Pipeline

The multi channel attribution pipeline consists of 4 jobs all running on sagemaker.

Feature Engineering

The first job takes in raw data at impressions level from S3, clean it, compute features and conversion status at journey level and save the results to S3.

Job summary

The feature engineering is done using pyspark via the PysparkProcessor object. It takes the impressions dataset (s3://deep-attribution-bucket/raw/impressions.parquet) as input and output three datasets correspond to the train, test and validation set (s3://deep-attribution-bucket/feature_store/set_nm.parquet).

Scripts

There are two scripts associated with this part the:

feature_engineering.py: the job script
feature_engineering_exec.py: the script to lauch the job

Job description

parse command line args
load impressions data from S3

 uid | timestamp | campaign | conversion 
_______________________________________

 int |    int    |    str   |    bool 

pyspark.sql.DataFrame

create a conversion id field for each impressions, an identifier (unique at uid level) that specify which impressions happened in the same journey.

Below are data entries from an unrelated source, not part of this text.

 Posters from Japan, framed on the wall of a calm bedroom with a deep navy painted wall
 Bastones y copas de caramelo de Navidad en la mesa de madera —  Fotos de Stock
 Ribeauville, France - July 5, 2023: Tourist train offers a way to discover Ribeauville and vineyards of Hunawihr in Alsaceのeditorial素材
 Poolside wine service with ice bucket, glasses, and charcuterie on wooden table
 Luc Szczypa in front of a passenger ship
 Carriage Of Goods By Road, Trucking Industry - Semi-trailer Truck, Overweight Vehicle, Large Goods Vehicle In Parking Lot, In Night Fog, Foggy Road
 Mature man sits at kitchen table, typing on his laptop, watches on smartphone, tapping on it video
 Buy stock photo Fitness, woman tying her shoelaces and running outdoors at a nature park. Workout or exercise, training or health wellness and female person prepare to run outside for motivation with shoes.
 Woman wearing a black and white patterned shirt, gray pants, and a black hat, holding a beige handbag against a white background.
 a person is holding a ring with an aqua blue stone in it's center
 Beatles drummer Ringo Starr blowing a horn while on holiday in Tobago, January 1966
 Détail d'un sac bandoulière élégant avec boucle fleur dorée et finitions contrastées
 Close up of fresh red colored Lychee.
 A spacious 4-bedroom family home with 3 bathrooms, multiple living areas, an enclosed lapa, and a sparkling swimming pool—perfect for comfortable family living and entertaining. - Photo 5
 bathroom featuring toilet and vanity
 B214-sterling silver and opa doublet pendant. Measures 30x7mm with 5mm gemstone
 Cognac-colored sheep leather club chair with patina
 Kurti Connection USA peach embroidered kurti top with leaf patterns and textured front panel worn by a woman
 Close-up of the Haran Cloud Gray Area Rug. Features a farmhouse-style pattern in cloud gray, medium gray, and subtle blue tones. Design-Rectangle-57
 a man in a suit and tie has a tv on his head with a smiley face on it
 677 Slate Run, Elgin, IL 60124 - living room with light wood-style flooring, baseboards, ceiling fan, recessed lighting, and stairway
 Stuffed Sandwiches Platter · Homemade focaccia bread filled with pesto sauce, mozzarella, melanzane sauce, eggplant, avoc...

 uid | timestamp | campaign | conversion | conversion_id 
________________________________________________________

 int |    int    |    str   |    bool    |      int

pyspark.sql.DataFrame

create a journey id field for each impressions, an unique identifier that specify which impressions happened in the same journey.

 uid | timestamp | campaign | conversion | journey_id 
________________________________________________________

 int |    int    |    str   |    bool    |    bigint

pyspark.sql.DataFrame

create a campaign index field for each impressions, an index that specify the order in which impressions have happened at journey level.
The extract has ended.